What Mr. Jahangiri did during the 2017 presidential campaigns was an act of political self-mutilation. He did everything he could for Rouhani and fended for him against organized attacks by the opposing front. Without him, Rouhani would not be able to stand the attacks. Jahangiri’s immature participation in the election raised sensitivities in the Guardian Council and other institutions. Before the election, Jahangiri had opportunities he put at stake by running. As Rouhani’s closest ally during the campaign, Jahangiri was expected to become the President’s right hand. However, we saw that Rouhani shifted away, which led to Jahangiri’s subsided role in the administration. Especially since Vaezi became the President’s Bureau Chief, Jahangiri’s role has become one of formality. Vaezi calls himself a Principlist, but there is a huge difference between his Principlism and that of let’s say Mr. Nahavandian’s. Nahavandian is a genuine Principlist figure and Vaezi is trying to prove his affiliation. Therefore, he want to give the green to the Principlist front. This may include trying to circumvent Jahangiri, by disrupting the link between ministers and the vice president. This was anticipated and became a reality. Naturally, Mr. Jahangiri should have found a more important role. However, based on expediency of his own circle, Rouhani chose another direction, which led to the marginalization of Jahangiri.


You said his marginalization was predictable when Vaezi was appointed as the President’s Bureau Chief. Does that mean Mr. Jahangiri could not predict this himself? If so, why did he accept to become vice president again?

Vaezi’s appointment was not predictable. When that appointment was made, the marginalization was predictable. Vaezi’s role is different with that of Nahavandian. Moreover, it was not predictable that Rouhani would surrender before the scenario. Beside, Jahangiri has a pivotal role in the beginning. But everything changed all of a sudden.

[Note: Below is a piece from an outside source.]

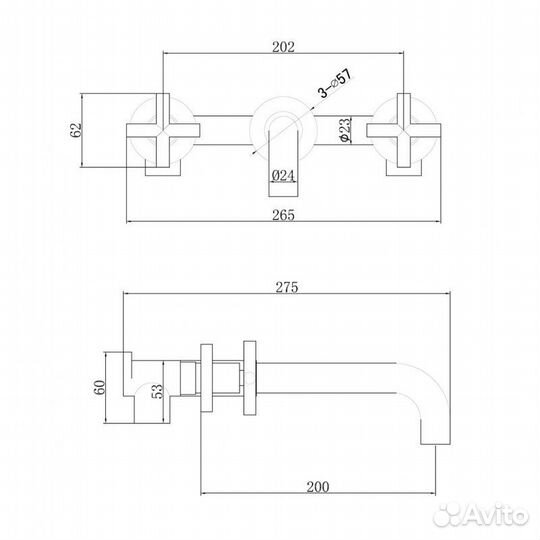 Abber Wasser Kreis AF81121B Смеситель/раковина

Jahangiri’s marginalization could be seen as the outcome of a decision not a procedure in which Vaezi gradually marginalized him. President Rouhani made an abrupt U-turn.


Regardless of that U-turn, Jahangiri won a favorable reputation among the public opinion and even inside the Reformist camp. He was nominated for Tehran municipality and it seems that he has succeeded to pave his way to the 2021 presidential race. Do you think it would be better for him not to join the administration in the current term?

Certainly, Jahangiri did not want to split with Rouhani or make a move that implies such a distance. He had no reason to do so. His role in the previous term was also very effective.


How do you evaluate the likelihood of Jahangiri’s resignation?

Jahangiri remains in the scene. Differences with him may come up and they are for Rouhani to decide. For now, Jahangiri should wait to see what decisions the President will make about him. Is Rouhani happy with his marginalization? If Jahangiri sees that his powers in the administration do not let him make a difference, he should have his last word with Rouhani. If Rouhani approves of Jahangiri’s marginalization, the latter’s vice presidency will not be of much use.


Jahangiri’s brother Mahdi was arrested, sparking a series of attacks on the vice president. Can the arrest cause Jahangiri’s elimination or marginalization in public opinion?

In my opinion, the two have nothing to do with each other. Jahangiri’s popularity during the presidential campaigns turned him into a potential rival for the 2021 election in the eyes of some Principlists. Thus, it turned out that some may want to put pressure on Jahangiri and document Qalibaf’s claims made during the presidential debates. However, I do not believe Jahangiri wants to remain vice president at any cost.


What prospects do you imagine for Jahangiri? Do you think he can make it to the 2021 presidential race?

I believe the public acts quite vigilantly regarding certain issues and understands the targeting behind pressures. The society can tell between real episodes and those with something behind the scene. The fact that his brother was arrested causes no backlash for Mr. Jahangiri. At least not the kind of backlash we see in the cybersphere over the arrest of Hossein Fereidoun, President Rouhani’s brother.